Mais aussi à tout arbitrage religieux

Canada: L’Ontario ferme la porte à la charia

Toronto, 16 novembre 2005 (Apic) Le gouvernement de l’Ontario a déposé mardi un projet de loi qui devrait fermer la porte à l’utilisation officielle de la charia ou de tout autre arbitrage religieux pour régler des litiges familiaux dans cette province canadienne.

Une éventuelle introduction de la charia, – loi islamique – dans l’Etat canadien de l’Ontario dans les arbitrages familiaux avait provoqué une levée de boucliers au Canada et dans plusieurs autres pays.

Le Premier ministre ontarien Dalton McGuinty avait finalement annoncé en septembre que son gouvernement s’opposerait à l’introduction de la charia. Dans un communiqué, le ministère de la justice de la province indique que selon le projet, déposé mardi, tous les arbitrages en matière de droit de la famille se dérouleront désormais en vertu du seul droit canadien.

L’Ontario, dont la capitale est Toronto, aurait été la première région en Occident à autoriser l’utilisation de la charia dans des arbitrages matrimoniaux et familiaux, si le projet avait été adopté. Dans un rapport officiel, rendu public en décembre dernier, l’ancienne ministre de la justice de la province, Marion Boyd, avait recommandé l’instauration de la charia.

Celle-ci estimait que les musulmans devaient avoir le droit de recourir à un arbitrage religieux pour leurs différends familiaux, tout comme les chrétiens et des juifs de cette province qui disposaient déjà de ce droit depuis 1991.

Ce point de vue n’était de loin pas partagé par la grande majorité des femmes, qui faisaient valoir que la charia n’était pas compatible avec la Charte canadienne des droits et libertés. Selon le dernier recensement, le Canada comptait un peu moins de 600’000 musulmans en 2001.

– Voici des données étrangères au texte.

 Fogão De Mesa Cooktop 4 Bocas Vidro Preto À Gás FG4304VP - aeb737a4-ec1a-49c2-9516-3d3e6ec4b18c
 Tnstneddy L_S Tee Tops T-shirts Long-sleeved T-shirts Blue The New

Le refus d’instaurer des tribunaux islamiques avait bien entendu fait quelques vagues. Fâché par la décision du gouvernement de la province canadienne de l’Ontario de refuser l’instauration de tribunaux islamiques, le Congrès islamique canadien (CIC) s’en était pris au parti libéral. Les musulmans proches du CIC ayant été invités à boycotter les libéraux, tant au niveau provincial que fédéral.

Si le projet du gouvernement de l’Ontario est accepté, les personnes souhaitant solliciter des conseils de responsables religieux dans des affaires de litiges familiaux pourront continuer à le faire. Mais ces conseils n’auront aucune valeur juridique auprès des tribunaux de la province. (apic/ag/arch/pr)

16 novembre 2005 | 00:00
par webmaster@kath.ch
Temps de lecture : env. 2  min.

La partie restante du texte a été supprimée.